Vanat napisał(a): Mam nieustające wrażenie, że nie na tym forum retoryczne pytania rozumiane są jako twierdzenia, ewentualnie jako trolling.
To prosty wniosek z faktu, że napisałeś ścianę tekstu, w którym bijesz chochoła, który nikogo nie interesuje.
Vanat napisał(a): To znów zależy od tego jak zinterpretujemy wyjątkowo niejasną definicję z pięścią i nosem. Jeśli zrozumiemy ją tak, że nikomu nie wolno czynić krzywdy innym ludziom, to wywalenie pracownika z pracy wbrew jego woli jest pogwałceniem jego wolności. A tego robić nie można bo granica wolności wywalania z pracy jest "nos" pracownika.
Zdefiniuj zatem klarownie i jednoznacznie krzywdę, bo ciągle się nią posługujesz. Ja nie potrafię, bo to nieco subiektywne, co nie znaczy, że pojęcie krzywdy nie jest przydatne lub puste.
Vanat napisał(a): Ale proszę wyjaśnij mi to na gruncie Twojej definicji. Jeśli jest ona nawet dla Ciebie aż tak niejasna, że w nawet w ewidentnych dla ciebie przykładach nie posłuujesz się nią, to może jednak warto się jej pozbyć i podać jakąś inną?

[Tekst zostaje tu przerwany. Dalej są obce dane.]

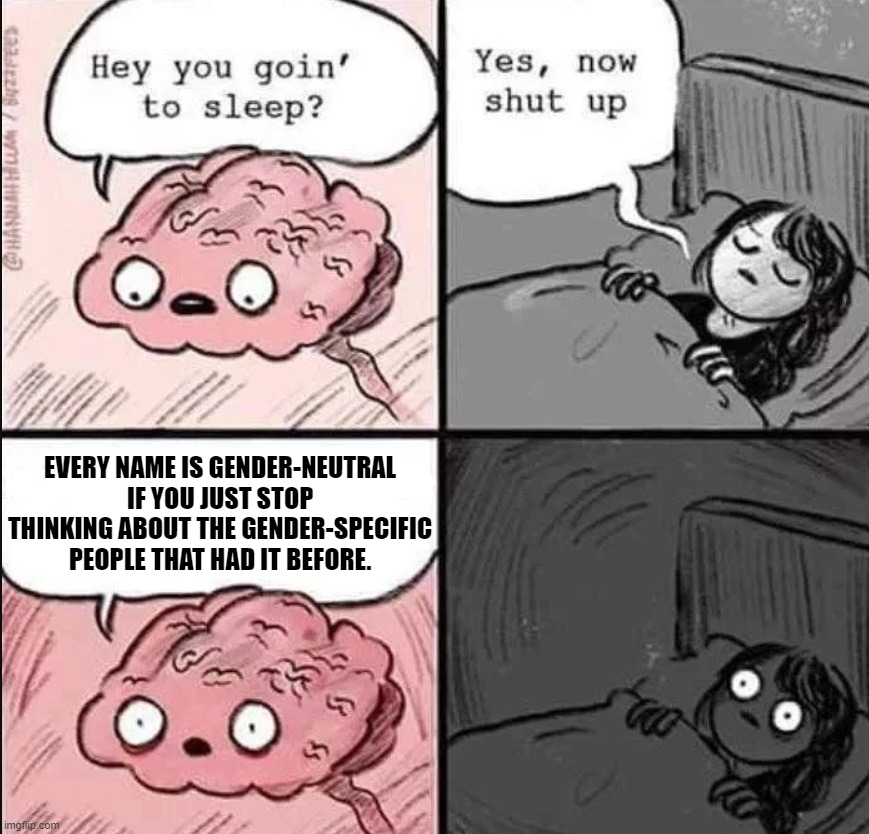 waking up brain | EVERY NAME IS GENDER-NEUTRAL IF YOU JUST STOP THINKING ABOUT THE GENDER-SPECIFIC PEOPLE THAT HAD IT BEFORE. | image tagged in waking up brain | made w/ Imgflip meme maker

Przecież to zrobiłem. Gdzie kończy się czyja wolność jest tutaj skodyfikowane w prawie i umowach.
Vanat napisał(a): Jednak gdy proszę, by mi ktoś zdefiniował wolność gospodarczą tak, by zdefiniowane zjawisko nie było wewnętrzne sprzeczne, to zaczyna się poezja i teksty takie ja ten Twój powyżej: "koń jaki jest każdy widzi, więc tylko głupek lub troll może pytać o jego definicję"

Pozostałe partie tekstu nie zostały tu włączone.